### Available data ###

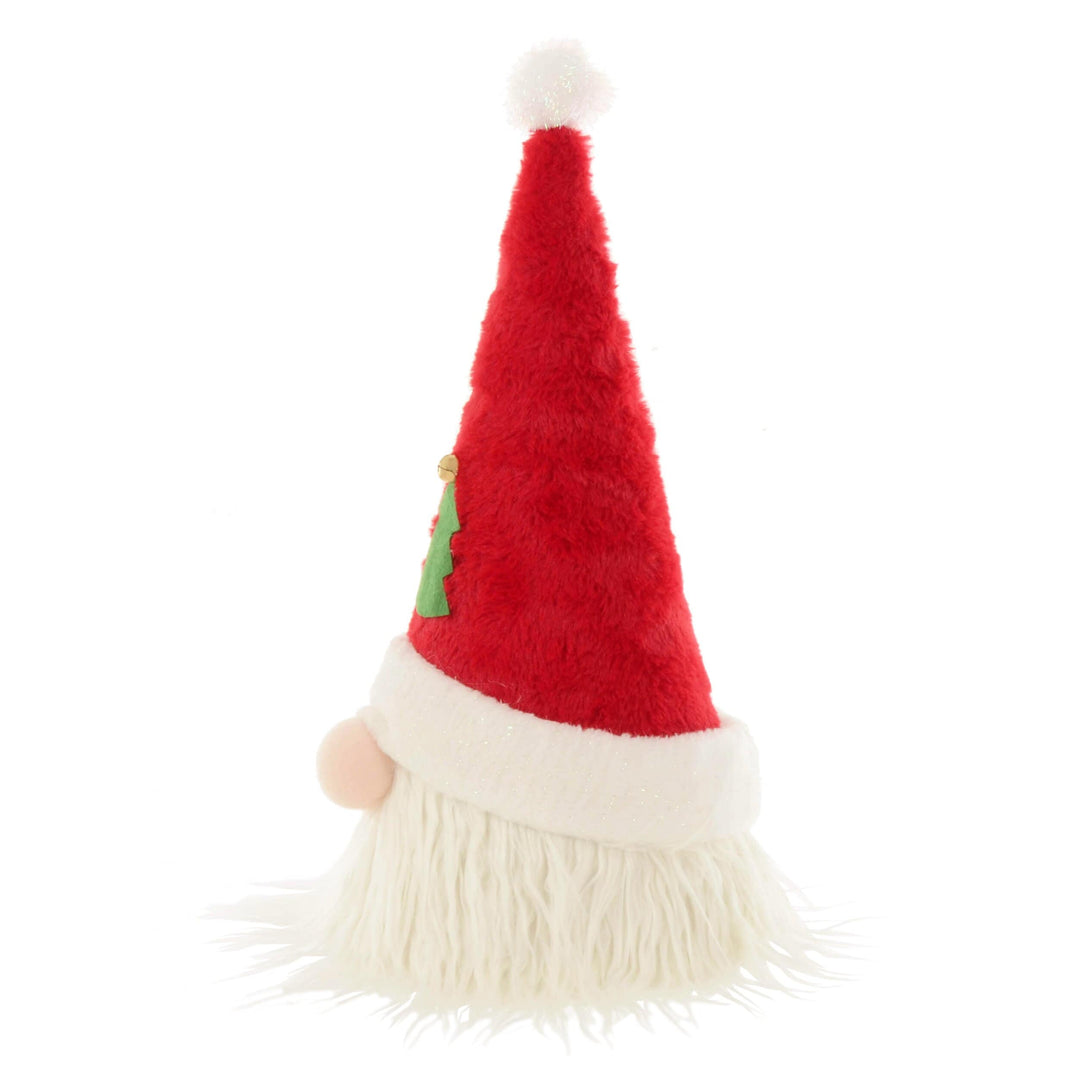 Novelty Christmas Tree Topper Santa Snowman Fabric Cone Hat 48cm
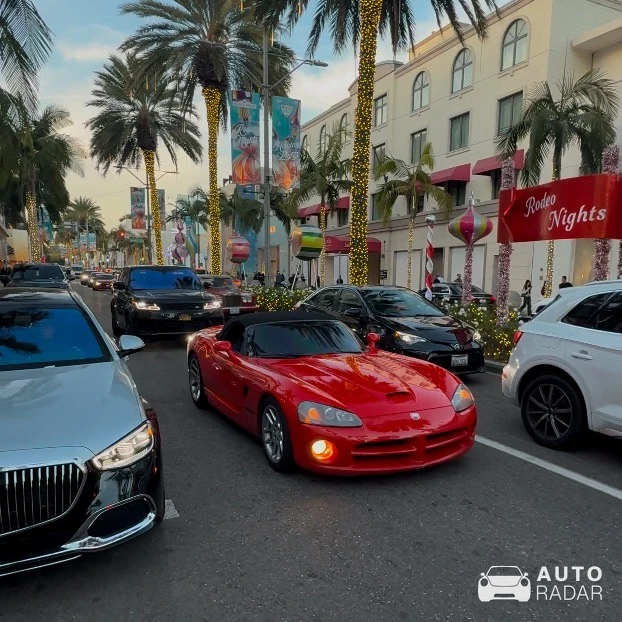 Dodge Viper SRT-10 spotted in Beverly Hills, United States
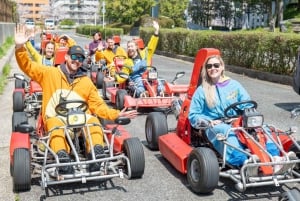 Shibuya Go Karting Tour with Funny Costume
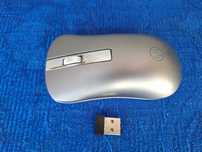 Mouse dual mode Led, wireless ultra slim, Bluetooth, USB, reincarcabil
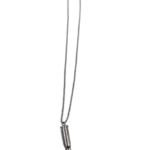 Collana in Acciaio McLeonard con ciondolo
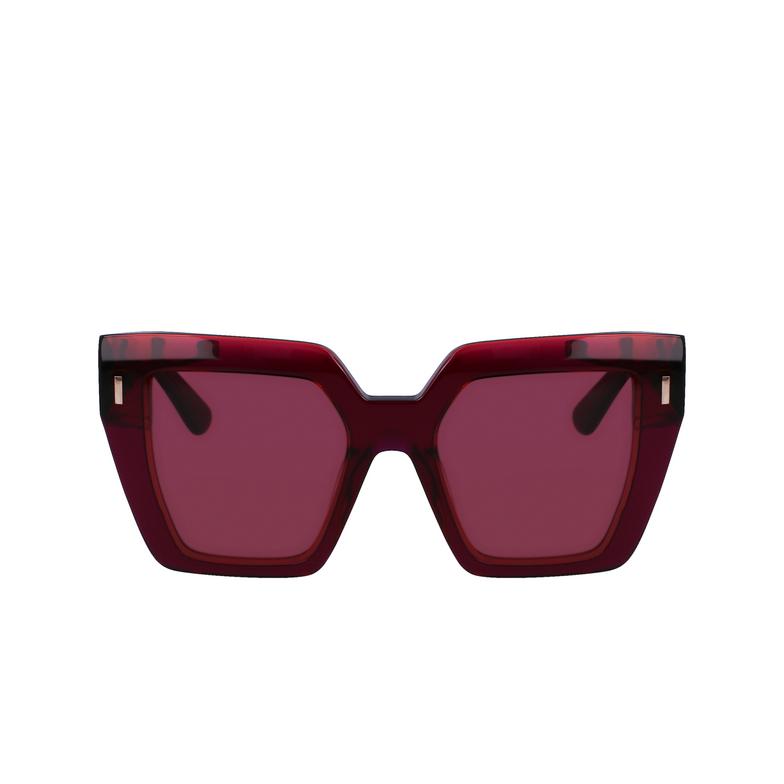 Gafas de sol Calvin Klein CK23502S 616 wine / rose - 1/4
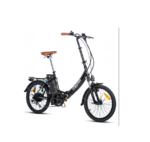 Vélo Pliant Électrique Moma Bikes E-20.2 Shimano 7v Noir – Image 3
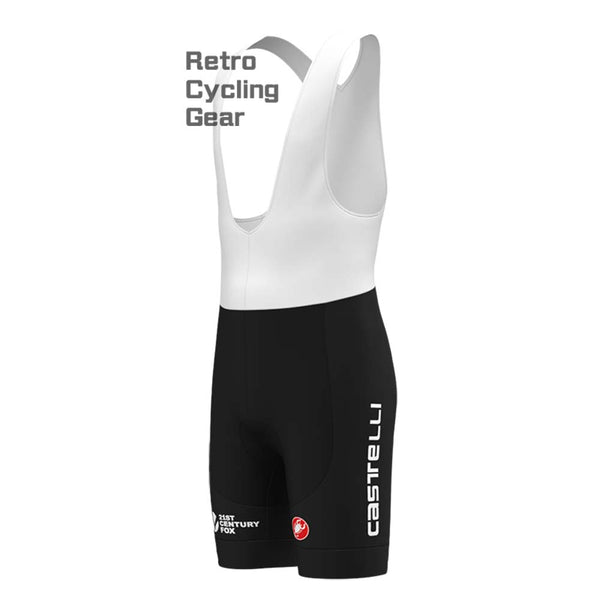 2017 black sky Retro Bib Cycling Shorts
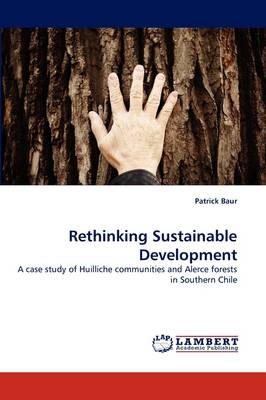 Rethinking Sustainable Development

###

» Task details
Without altering anything, output all the lines above but none of the images.

» Result for this task
 Novelty Christmas Tree Topper Santa Snowman Fabric Cone Hat 48cm
 Dodge Viper SRT-10 spotted in Beverly Hills, United States
 Shibuya Go Karting Tour with Funny Costume
 Mouse dual mode Led, wireless ultra slim, Bluetooth, USB, reincarcabil
 Collana in Acciaio McLeonard con ciondolo
 Gafas de sol Calvin Klein CK23502S 616 wine / rose - 1/4
 Vélo Pliant Électrique Moma Bikes E-20.2 Shimano 7v Noir – Image 3
 2017 black sky Retro Bib Cycling Shorts
 Rethinking Sustainable Development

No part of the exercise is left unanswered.